-- Opening Marker --
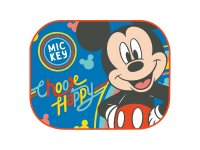 Boční clona 44x35 cm - Mickey & Minnie Mouse - 025033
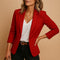 Haven | Elegant & Tailored Black Blazer for Women – Slim Fit One Button Design 0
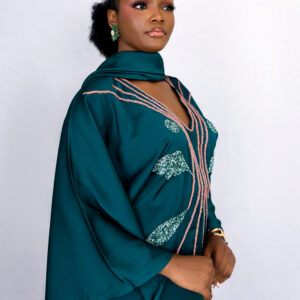 Hadiza Fitted Bubu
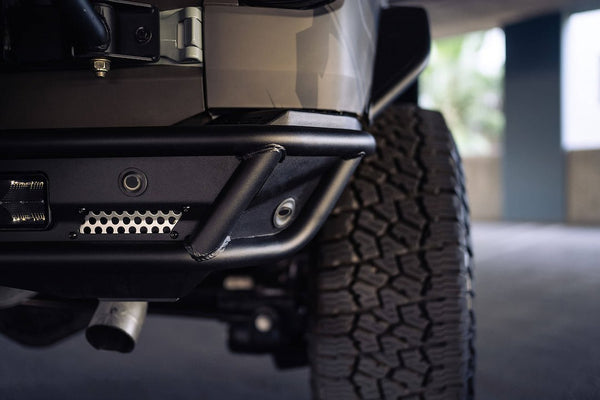 DV8 Offroad Competition Series Rear Bumper (MPN: RBBR-04)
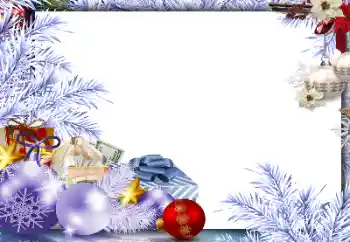 Foto-effetti della categoria Cartoline per Capodanno № 129889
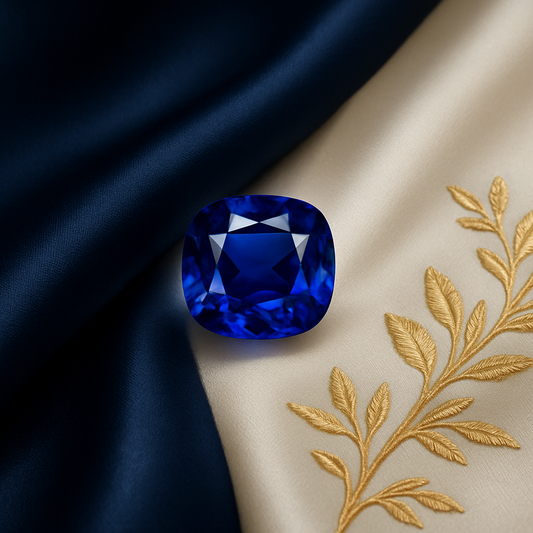 Blue Sapphire (Neelam)
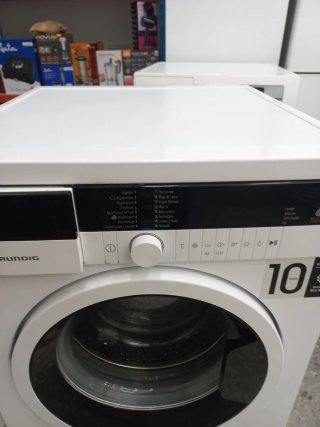LAVADORA GRUNDIG GARANTIA TRANSPORTE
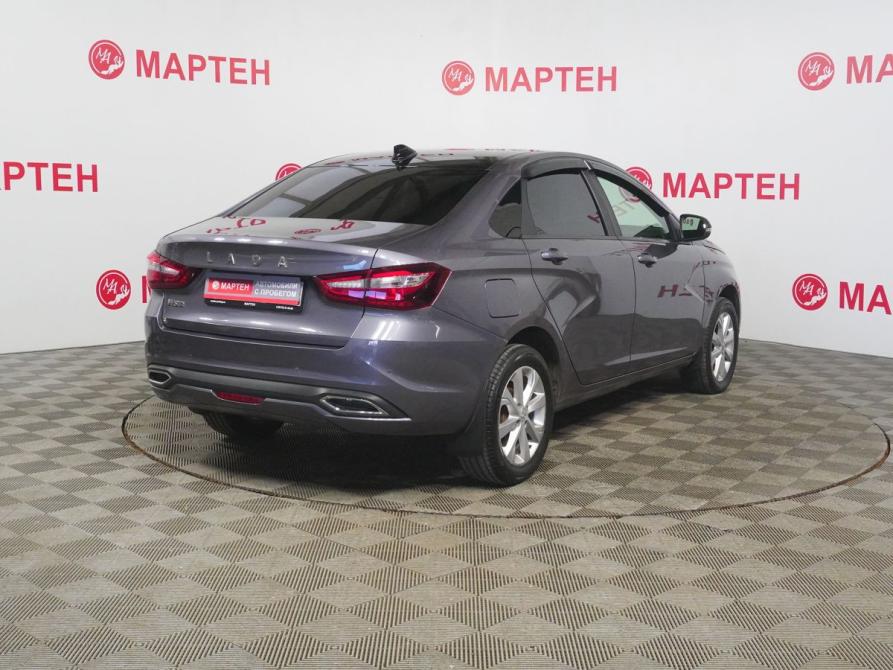 Lada (ВАЗ) Vesta I Рестайлинг (NG) Вологда  - изображение 5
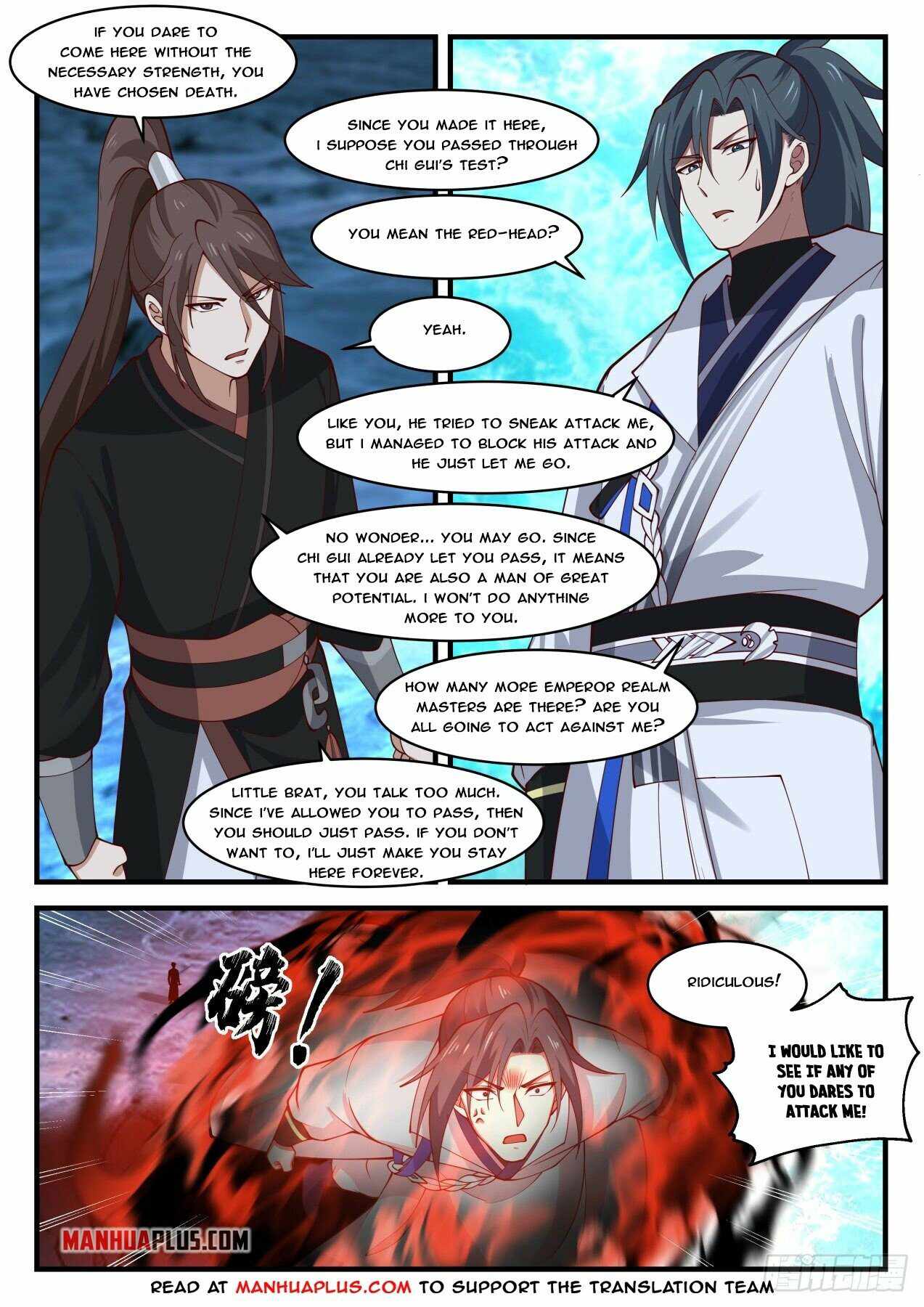 manhuaverse manhwa comic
-- Closing Marker --
_ACTION ITEM_:
Every line from the one containing "LAVADORA GRUNDIG GARANTIA TRANSPORTE" through the last line of the records is to be reproduced exactly, with pictures left out and nothing else given.

_SOLUTION BELOW_:
LAVADORA GRUNDIG GARANTIA TRANSPORTE
 Lada (ВАЗ) Vesta I Рестайлинг (NG) Вологда  - изображение 5
 manhuaverse manhwa comic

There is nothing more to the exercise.